We found seven lists matching our description. This makes sense because cryptor.py also created six other lists trying to throw us off:

K1 = [random.randrange(0, 256, 1) for i in range(256)] 
K2 = [random.randrange(0, 256, 1) for i in range(256)] 
K3 = [random.randrange(0, 256, 1) for i in range(256)] 
K4 = [random.randrange(0, 256, 1) for i in range(256)] 
K5 = [random.randrange(0, 256, 1) for i in range(256)] 
K6 = [random.randrange(0, 256, 1) for i in range(256)] 

RC4 Decryption from Internal State

After all this trouble, we have finally found what we are looking for: the internal state of the rc4 algorithm. Now is time to put that to use.
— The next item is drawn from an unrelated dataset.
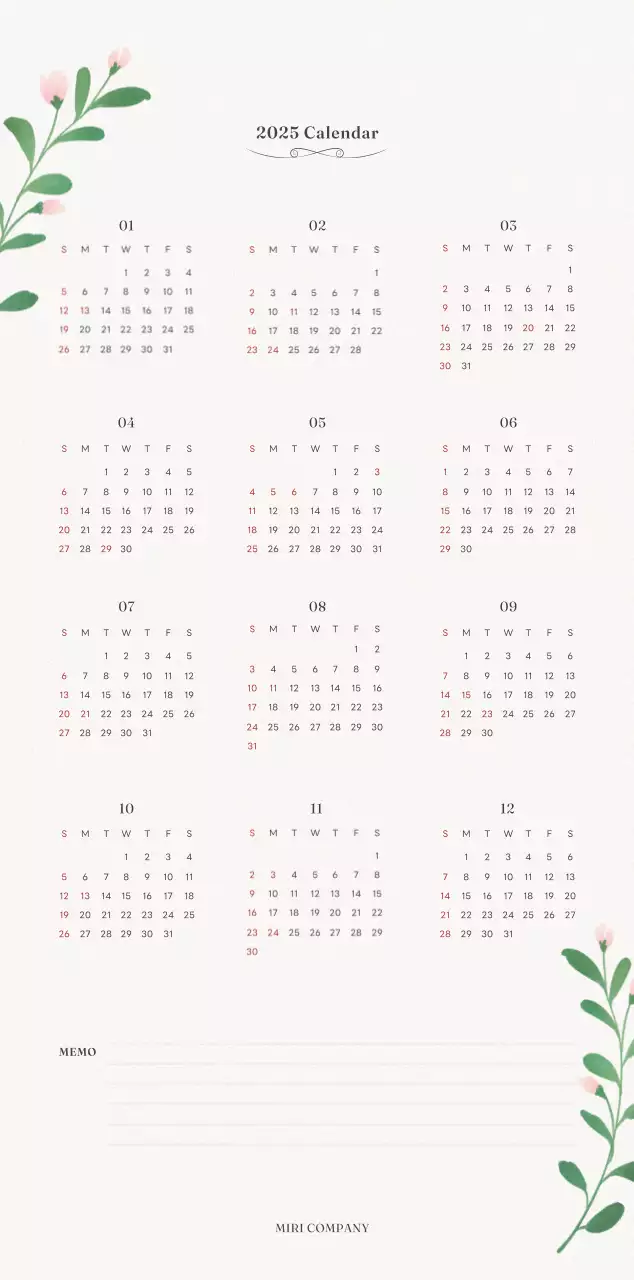 アイボリーとグリーンのシンプルな2025年花柄壁掛けカレンダー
def _keystream_generator(self):
    x = y = 0
    while True:
        x = (x + 1) & 0xff
        y = (self.S[x] + y) & 0xff
        self.S[x], self.S[y] = self.S[y], self.S[x]
        i = (self.S[x] + self.S[y]) & 0xff
        yield self.S[i]

Taking a look at the keystream generator, it is immediately clear that we need a way to find x and y.

x = len(cipher) & 0xff

x is quite easy to find as it increments by one each time and we know the length of the cipher. y on the other hand take a bit more work to find.

Here’s where another piece of random information turns out to be helpful:

os.system("echo 0x3f > /proc/self/coredump_filter && python3.8 %s/cryptor.py %s/flag.png < input" % (curr_dir, curr_dir))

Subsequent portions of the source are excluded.